Task =>
Print every line below exactly. Skip the pictures.

Scraped caption text data
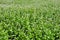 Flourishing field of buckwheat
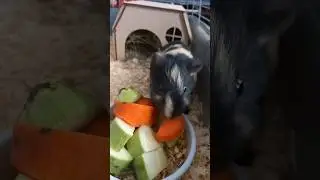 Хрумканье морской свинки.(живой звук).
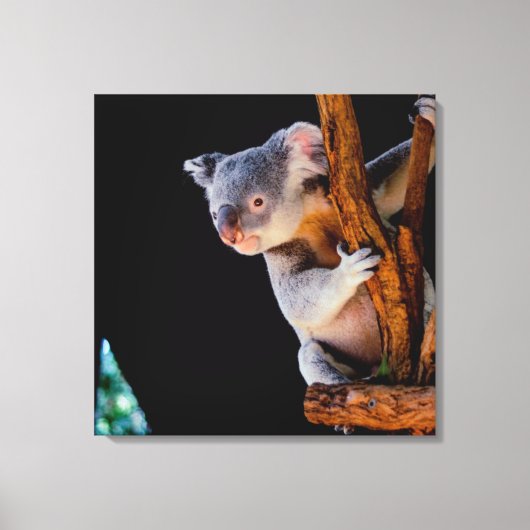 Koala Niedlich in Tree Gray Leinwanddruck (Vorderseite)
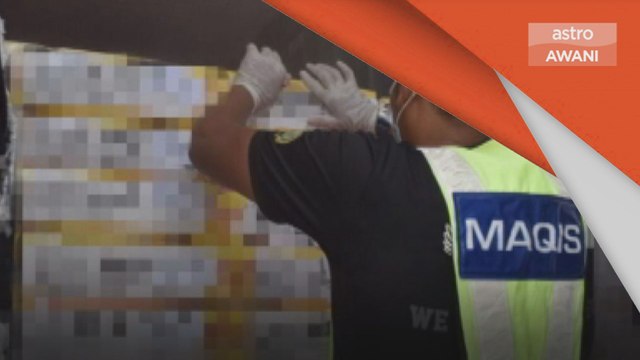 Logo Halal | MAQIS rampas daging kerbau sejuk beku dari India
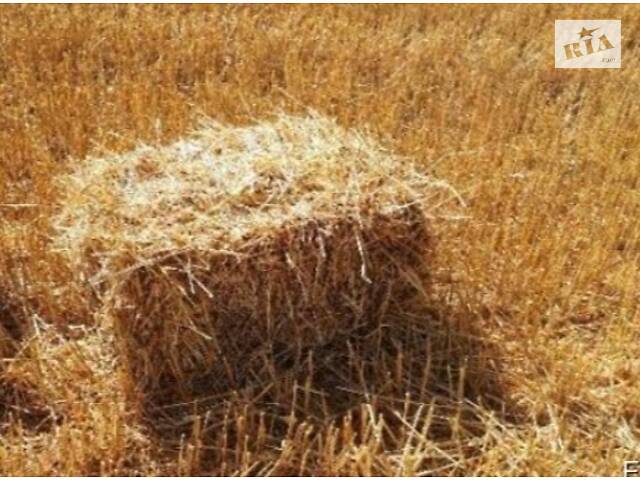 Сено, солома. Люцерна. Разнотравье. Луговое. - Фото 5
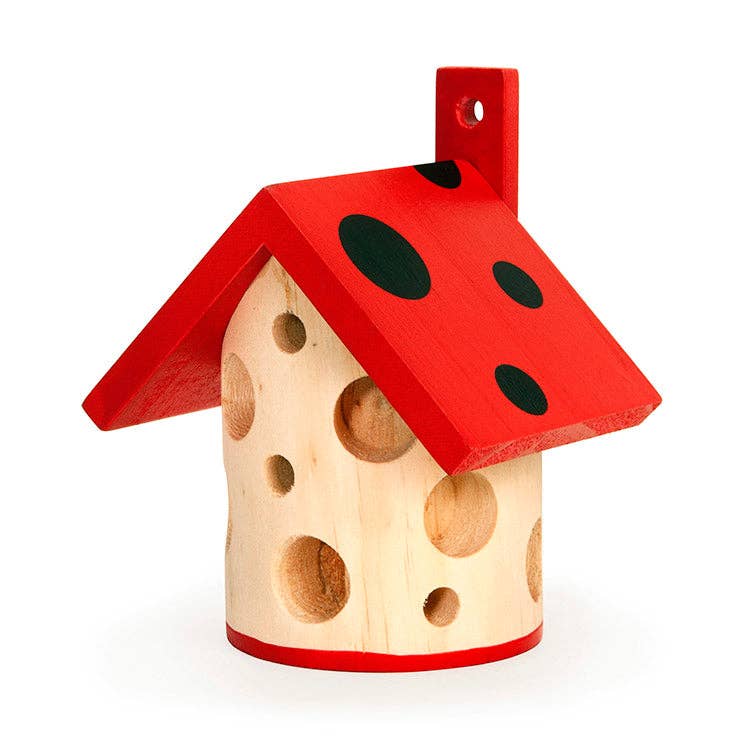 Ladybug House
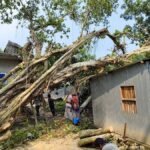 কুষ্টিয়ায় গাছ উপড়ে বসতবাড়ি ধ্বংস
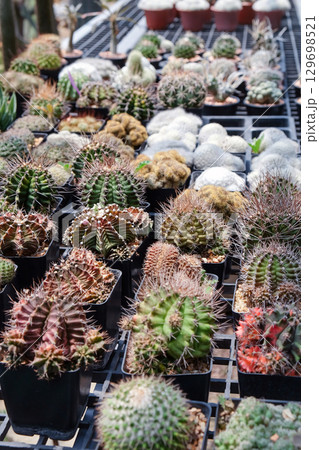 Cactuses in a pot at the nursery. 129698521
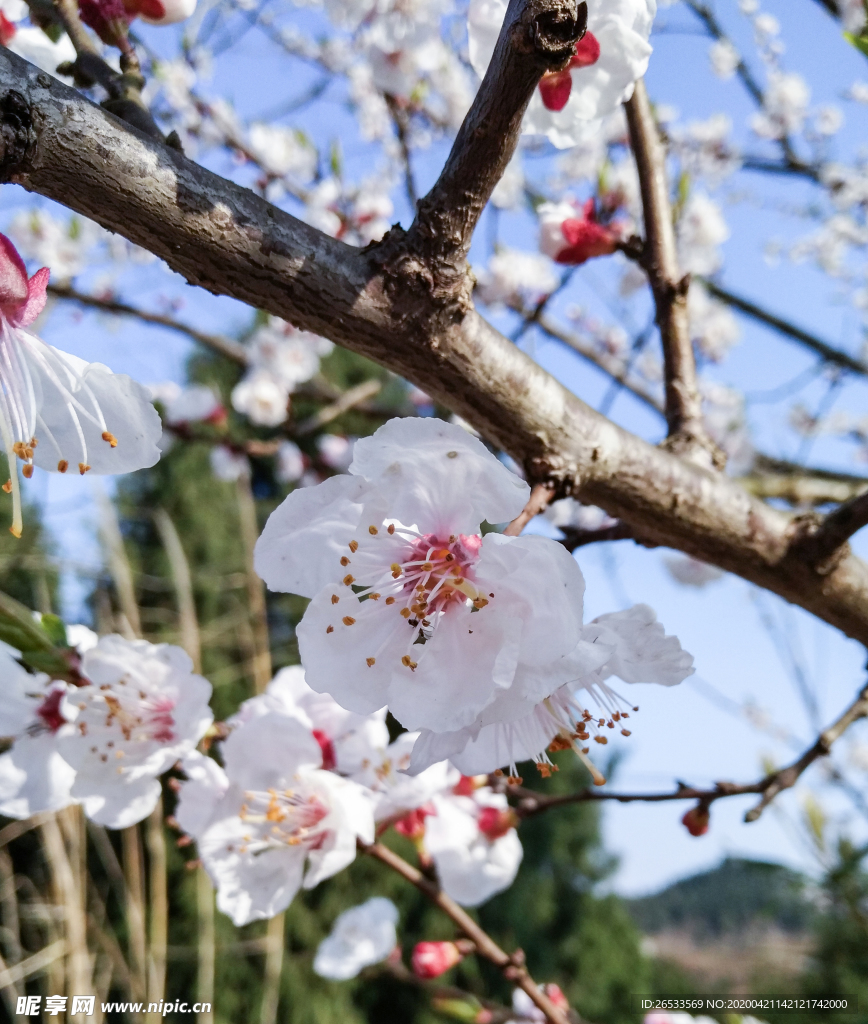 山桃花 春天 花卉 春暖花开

Final answer =>
 Flourishing field of buckwheat
 Хрумканье морской свинки.(живой звук).
 Koala Niedlich in Tree Gray Leinwanddruck (Vorderseite)
 Logo Halal | MAQIS rampas daging kerbau sejuk beku dari India
 Сено, солома. Люцерна. Разнотравье. Луговое. - Фото 5
 Ladybug House
 কুষ্টিয়ায় গাছ উপড়ে বসতবাড়ি ধ্বংস
 Cactuses in a pot at the nursery. 129698521
 山桃花 春天 花卉 春暖花开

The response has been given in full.